This RFC standardizes how equality, equivalence, and integrity checks are performed on data part files.

Motivation

Use cases we want to cover are:
  • Integrity Checks - ensuring that data is not tampered after downloading it from untrusted source
  • Equivalence Checks - after replaying the transformation ensure result is the same as one presented by the dataset owner (transformation result is not spoofed)
  • Content Addressability - being able to store data in a content-addressable system (e.g. IPFS)
A standard practice for these is through use of cryptographic digests (hash sums). Git, blockchain, Docker, IPFS are few of many examples. The one big problem with this approach is reproducibility. ODF’s core guarantee that repeating the same transformation always produces identical result. Reproducibility requires perfect determinism. While ODF goes a long way in improving likelihood of determinism in the engines, some non-determinism may also come from the coordinator. The task of writing output data is delegated to the coordinator. We are currently using Parquet format for on-disk representation. Parquet format is non-reproducible (non-deterministic) - writing logically identical data with different implementations or different versions of the libraries may produce files that are different on the binary level. Things that contribute to this are: heuristics around encodings (e.g. RLE vs bitpack), heuristics around batch sizes, different settings for statistics, etc. Therefore, if coordinators would use a hash sum of a Parquet file for integrity/equivalence checks they would be likely to break with any changes to Parquet libraries and produce different hashes between different coordinator implementations.

Guide-level explanation

Logical Hashes

To isolate ourselves from non-determinism of Parquet storage format we will use a combination of two types of data hashes:
  • Physical hash - is a (non-reproducible) digest of an entire binary file as originally produced by the owner of the dataset
  • Logical hash - is a stable (reproducible) digest computed on data records, resistant to encoding variations
Physical hash will be used only in the context of uploading and downloading data files to/from content-addressable systems. Logical hash will be used for integrity and equivalence checks. It should maximize the chances that logically identical data results in an identical hash sum. Luckily, we already use a data format that specifies binary layouts of data in the memory - Apache Arrow. It has a lot of similar sources of non-determinism as Parquet (e.g. data cell marked as null by validity mask might have uninitialized memory in it), but can be used as a foundation for efficiently implementing a stable hash algorithm. Due to absence of existing solutions it was decided to implement our own hashing scheme on top of Apache Arrow format as described in detail in arrow-digest repository.

Future-Proofing

This is likely not the last time we change the hashing algorithm, but we should aim for such changes not to be breaking in the future. As algorithms may have vulnerabilities, or as hash lengths become less secure with advances in computing power, we need an ability to evolve the algorithms we use over time. To future-proof metadata we will be storing the hashing algorithm identifier alongside the hash value, and coordinator implementations will be able to differentiate between versions and decide how to deal with them. This problem is already addressed by the multiformats project, specifically:
  • multihash - describes how to encode algorithm ID alongside the hash value.
  • multibase - describes how to represent binary value in a string (e.g. for YAML format) without ambiguity of which encoding was used.
In the future, we will apply this scheme to all hashes, but for now only limiting them to data-related.
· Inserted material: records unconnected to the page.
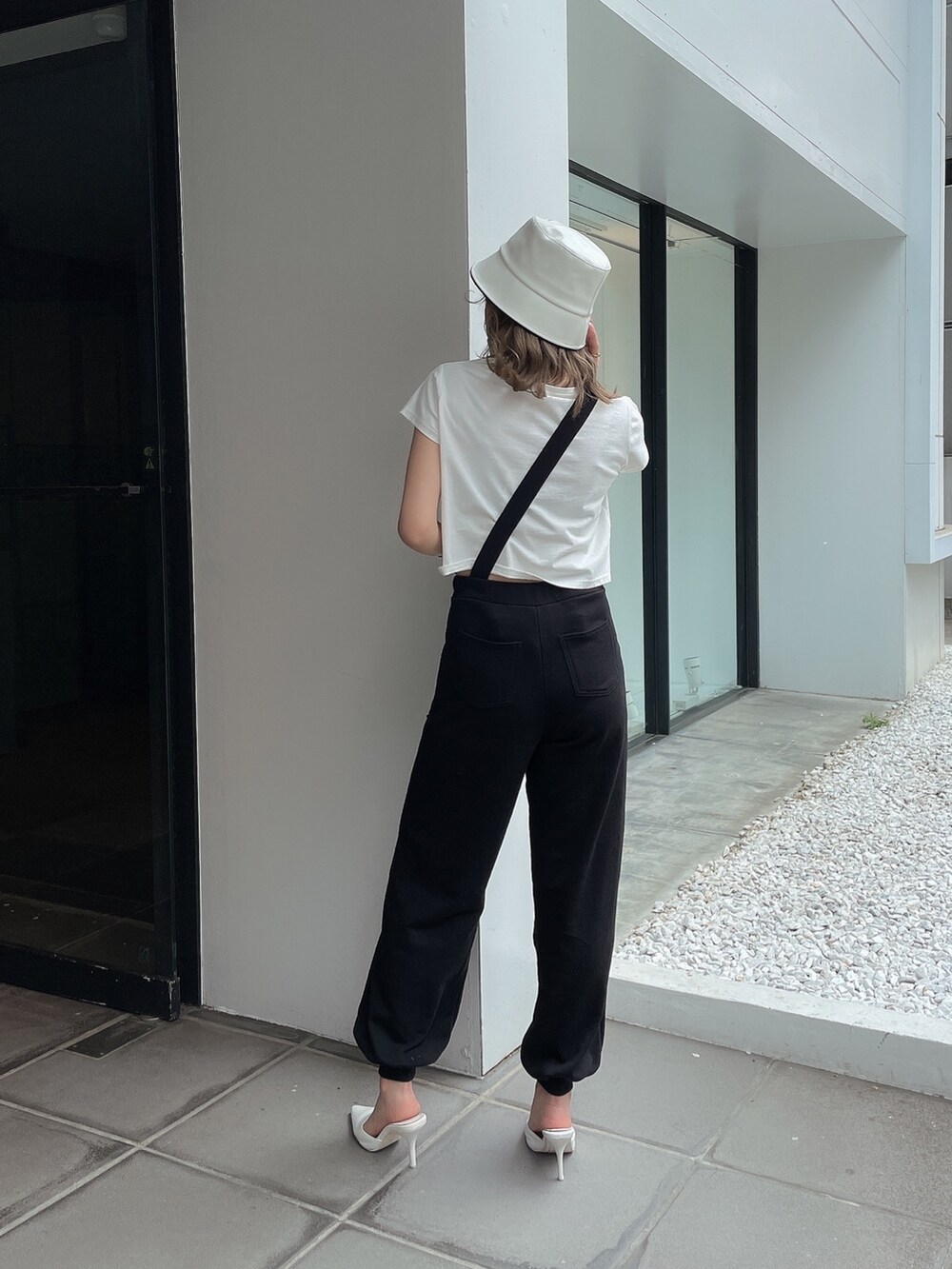ブラック系のつなぎ/オールインワン、ホワイト系のTシャツ/カットソー、ホワイト系のパンプスを着用したレディースの春コーディネートの2枚目の写真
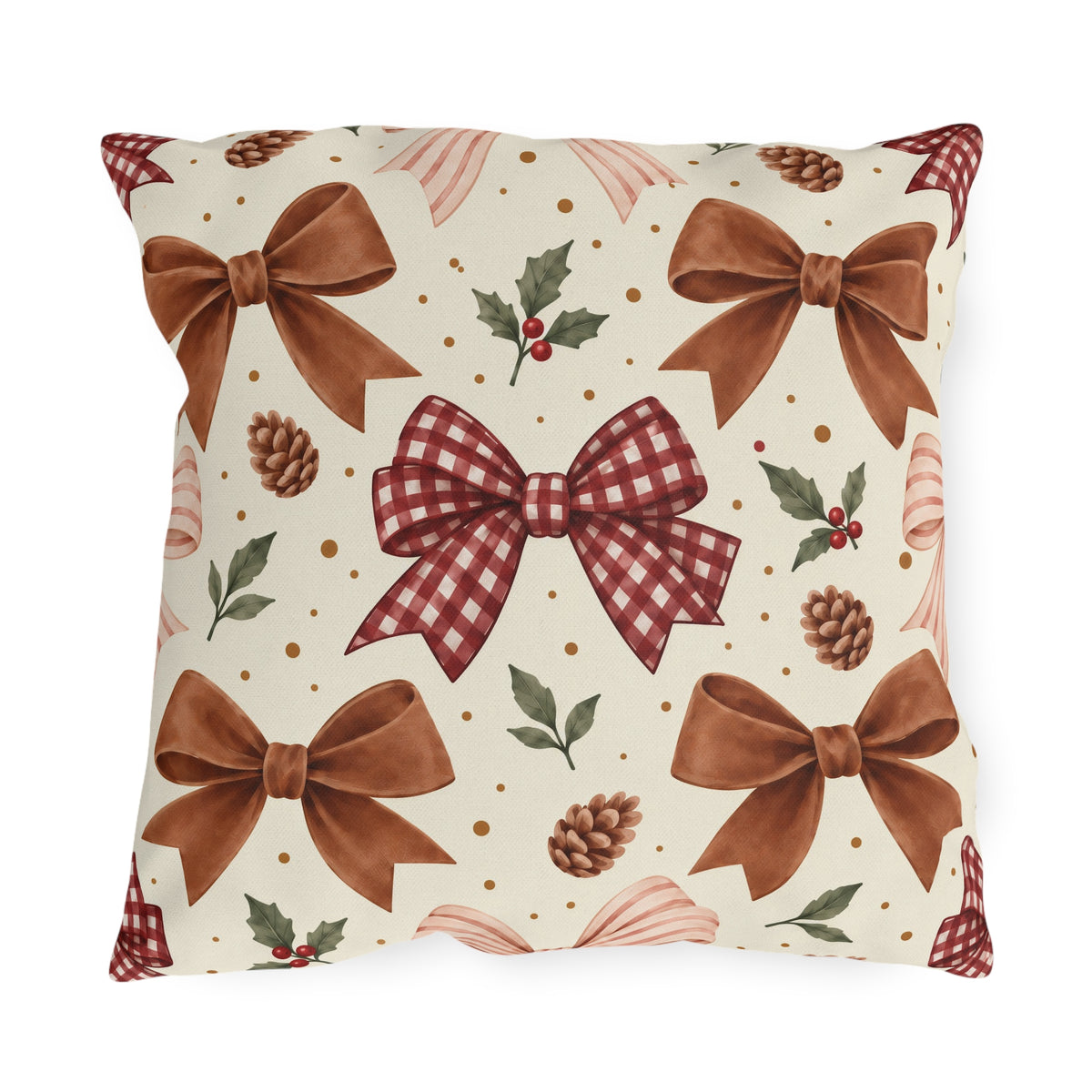 Christmas outdoor pillow with watercolor brown satin bows, red gingham bow, pinecones and holly on cream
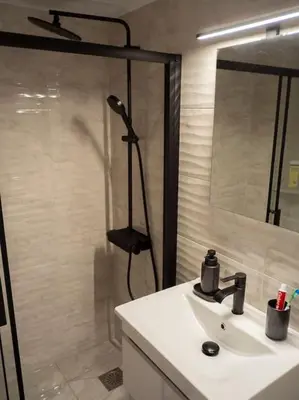 a bathroom with a sink and a shower with a shower at Athens Hill of Harmony in Athens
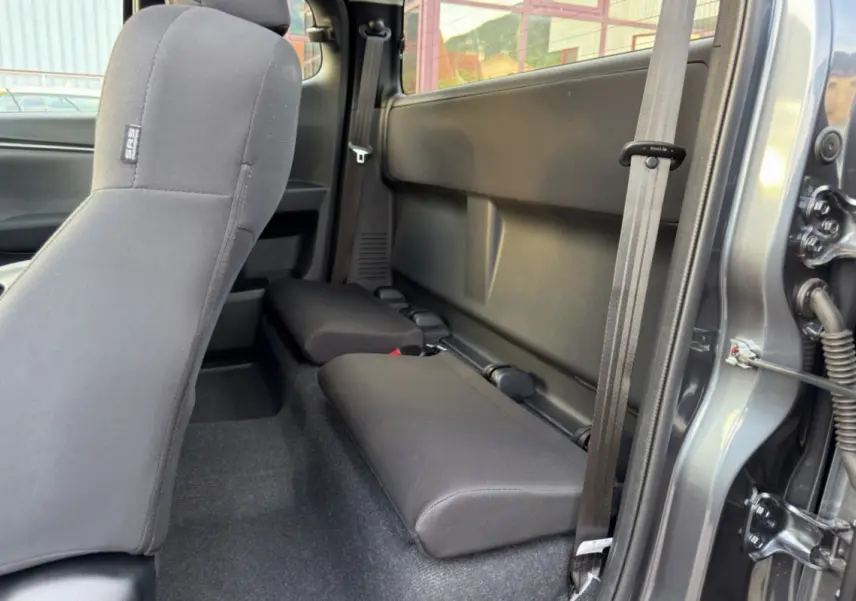 Vue intérieure côté droit du pick-up Isuzu D-MAX 2026 gris obsidian, montrant les sièges arrière rabattus en tissu noir.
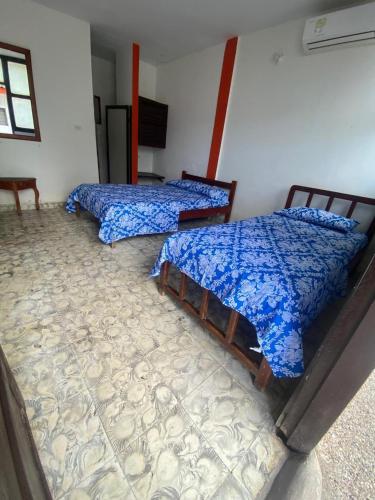 two beds sitting in a room with a floor at Hotel Los Nogales Coveñas in Coveñas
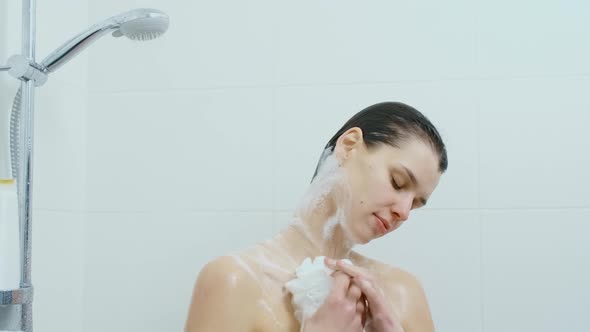 Woman with Closed Eyes Enjoying Shower at Home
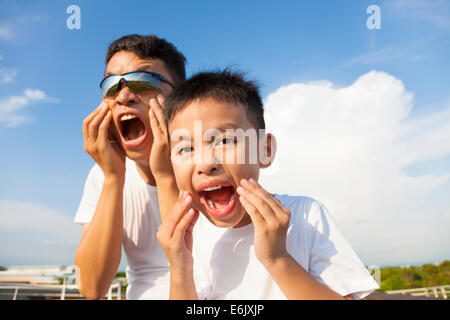 Padre e figlio facendo una grimace insieme nel parco Foto Stock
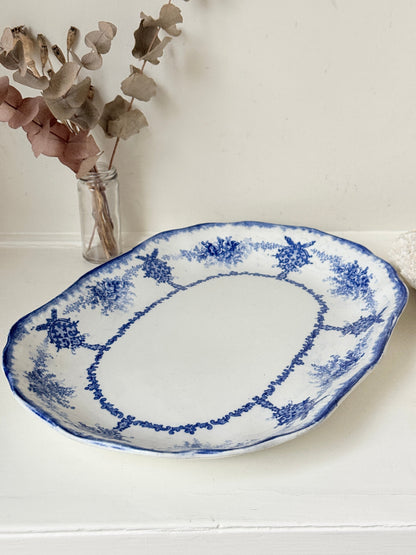 Antique oval blue and white platter with floral border photographed on a white surface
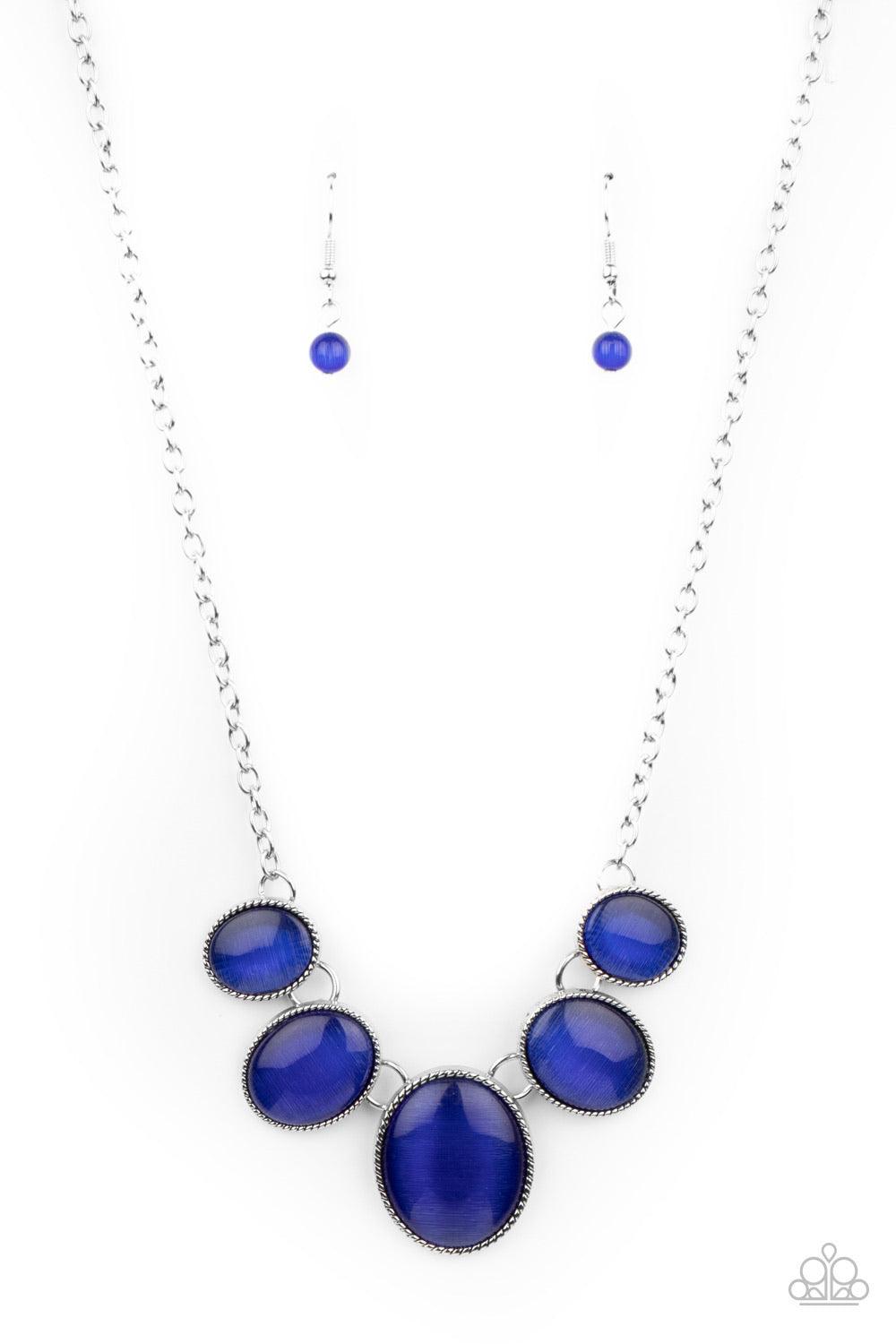 Paparazzi Accessories One Can Only Gleam - Blue Gradually increasing in size, a dainty collection of glowing blue cat's eye oval stones delicately link below the collar for a whimsical pop of color. Features an adjustable clasp closure. Sold as one indivi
Reference-level explanation

New schema format multihash is introduced:
  • In binary form it is using multihash specification
  • In string form it is encoded using multibase specification, using base58 codec
The official multicodec table will be extended with the following codes in the “private use area”:
CodecCode
arrow0-sha3-2560x300016
Because multihash format has a static prefix the short (8-character) hash representation should use tail bytes of multihash instead of the head. OutputSlice schema is updated:
  • dataLogicalHash updated to use multihash format
  • new field dataPhysicalHash is added with multihash format
dataLogicalHash is updated to use arrow-digest with sha3-256 base algorithm. dataPhysicalHash will contain a sha3-256 hash of the data part file. ExecuteQueryResponse schema is updated not to carry hash information - this was a temporary solution before coordinator hashing support is available.

Drawbacks

  • Logical hash equality doesn’t guarantee that data file was not tampered with (see unresolved questions)
  • Maintaining two hashes add a lot of complexity - it would be much nicer to have just physical hash and a reproducible file format (see future possibilities)

Rationale and alternatives

  • Maintain separate logical and physical hashes?
  • Hash Arrow in-memory representation for stability and performance?
  • Achieve deterministic layout of Parquet and only have physical hash that is stable?

Prior art

Hashing of structured data is mostly used in the context of buckets for hash-based join operations etc. We haven’t seen Arrow/Parquet hashing used in cryptographic context. We did not consider any other formats as we have strong reasons to continue using Arrow and Parquet and encoding in a third format will be wasteful.

Unresolved questions

  • Checking only the logical hash to verify the part file may expose us to attacks that tamper non-data blocks like statistics. Tampering the Parquet statistics may result in exclusion of some records from query results that use predicate pushdown
    • To mitigate this we may in future incorporate statistics sanity checks into data validation process

Future possibilities

  • To avoid maintaining two hashes we might want instead to implement a structured data format that is fully deterministic
    • It can be a complete subset of Parquet, to stick with a widespread format
    • Coordinator implementations will have to use a special writer that will have to be implemented in different languages
      • This is already the case with arrow-digest, but hashing is a smaller problem to tackle
  • We may want to remove the existing limitation that data part files correspond 1-to-1 with metadata blocks (e.g. for compactions) - this is left out for future RFCs
Last modified on March 16, 2026